No greater boon could be bestowed upon the gardening world than to reduce all horticultural operations to their first principles, and to lay bare the naked causes why in one case one mode of procedure is advisable, and another in another. But there are few persons who are competent to undertake this task; it requires a combination of great physiological knowledge, with a perfect acquaintance with the common manipulation of the gardener's art, and much experience in all the little accidents which are scarcely appreciable by the most observing cultivator, with which the mere man of science can necessarily have no acquaintance, but upon which the success of a gardener's operations often mainly depends; which are to the cultivator signs as certain of the issue of his experiments, as to the mariner are the almost invisible changes in the appearance of the heavens by which the weather is prognosticated.

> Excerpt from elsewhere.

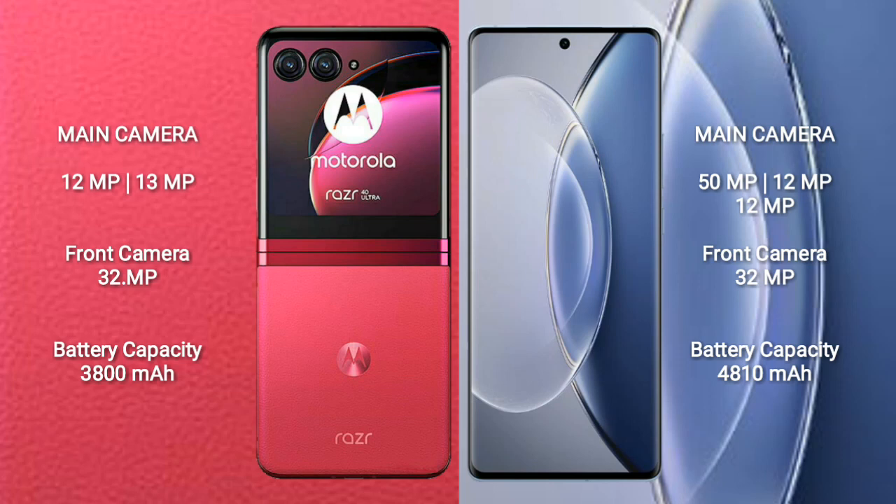Vivo X90 features a rear triple-camera setup of 50MP plus 12MP plus 12MP, and its front camera is 32MP.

Deeply impressed with a persuasion of the justice of

the foregoing observations, and sincerely regretting that there should be no present expectation of such a task being undertaken by any one fully competent to it, the Editor of this work ventures to throw himself upon upon the indulgence of the public in attempting, not to carry into effect such a plan himself, but to sketch out, in regard to the Fruit Garden, what he thinks the method should be upon which a more competent person would do well to proceed.

All our fruits, without exception, have been so much ameliorated by one circumstance or another, that they no longer bear any resemblance in respect of quality to their original. Who, for instance, would recognise the wild parent of the Coe's or Green Gage Plum in the savage Sloe, or that of the Ribston and Golden Pippin Apples in the worthless acid Crab? Or what resemblance can now be traced between the delicious Beurré Pears, whose flesh is so succulent, rich, and melting, and that hard, stony, astringent fruit, which even birds and animals refuse to eat? Yet these are undoubted cases of improvement resulting from time and skill patiently and constantly in action. The constant dropping of water will not more surely wear away the hardest stone, than will the reason of man in time compel all nature to become subservient to his wants or wishes. But it would be of little service to mankind that the quality of any fruit should be improved, unless we found some efficient and certain mode of multiplying the individuals when obtained. Hence there are two great considerations to which it is, above all things, necessary that the attention of the cultivator should be directed, viz. AMELIORATION and PROPAGATION.

Amelioration consists either in acquiring new and improved varieties of fruit, or in increasing their good qualities when acquired. It will be as well to consider these two subjects separately.